__What you will do__: Locate the line bearing "First of all, if" in the material below, then reproduce it and each following line up to and including the line bearing "By now, our".

__Extracted data__:
┄┄┄┄┄┄
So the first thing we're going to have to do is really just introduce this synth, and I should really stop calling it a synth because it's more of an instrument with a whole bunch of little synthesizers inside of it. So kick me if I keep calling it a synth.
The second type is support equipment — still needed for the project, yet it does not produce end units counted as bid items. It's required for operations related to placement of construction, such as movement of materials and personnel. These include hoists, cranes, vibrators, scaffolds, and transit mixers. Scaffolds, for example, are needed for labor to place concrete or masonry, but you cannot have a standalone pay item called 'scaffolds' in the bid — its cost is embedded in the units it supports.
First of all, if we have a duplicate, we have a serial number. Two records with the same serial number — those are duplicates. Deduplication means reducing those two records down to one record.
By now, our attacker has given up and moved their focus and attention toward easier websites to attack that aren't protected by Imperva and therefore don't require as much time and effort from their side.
┄┄┄┄┄┄
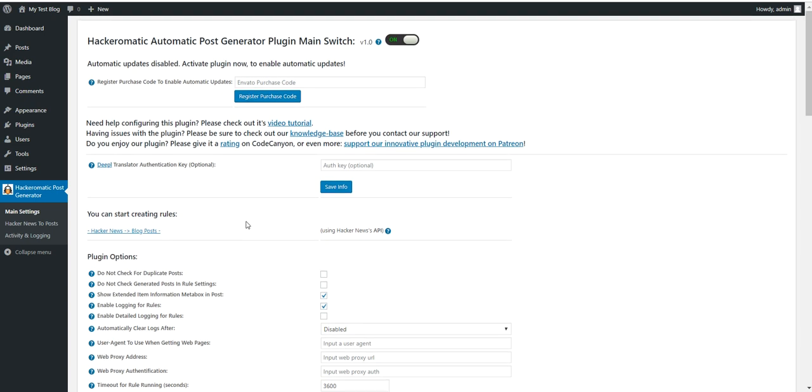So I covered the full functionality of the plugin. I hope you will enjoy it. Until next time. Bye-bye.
┄┄┄┄┄┄
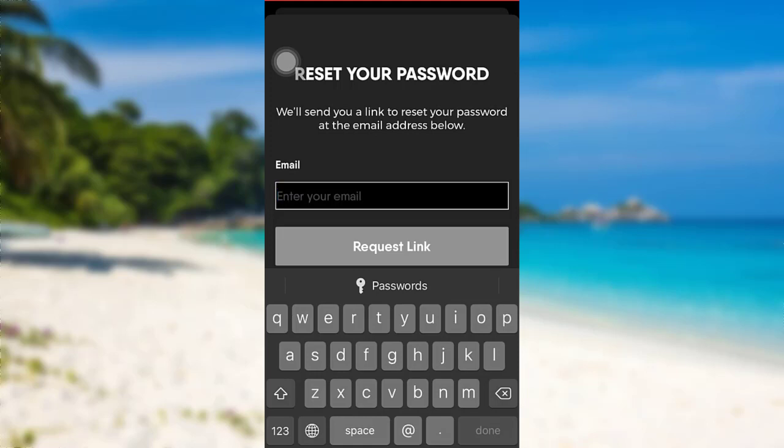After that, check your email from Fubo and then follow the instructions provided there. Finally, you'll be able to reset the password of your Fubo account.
┄┄┄┄┄┄
__Answer for the task__:
First of all, if we have a duplicate, we have a serial number. Two records with the same serial number — those are duplicates. Deduplication means reducing those two records down to one record.
By now, our attacker has given up and moved their focus and attention toward easier websites to attack that aren't protected by Imperva and therefore don't require as much time and effort from their side.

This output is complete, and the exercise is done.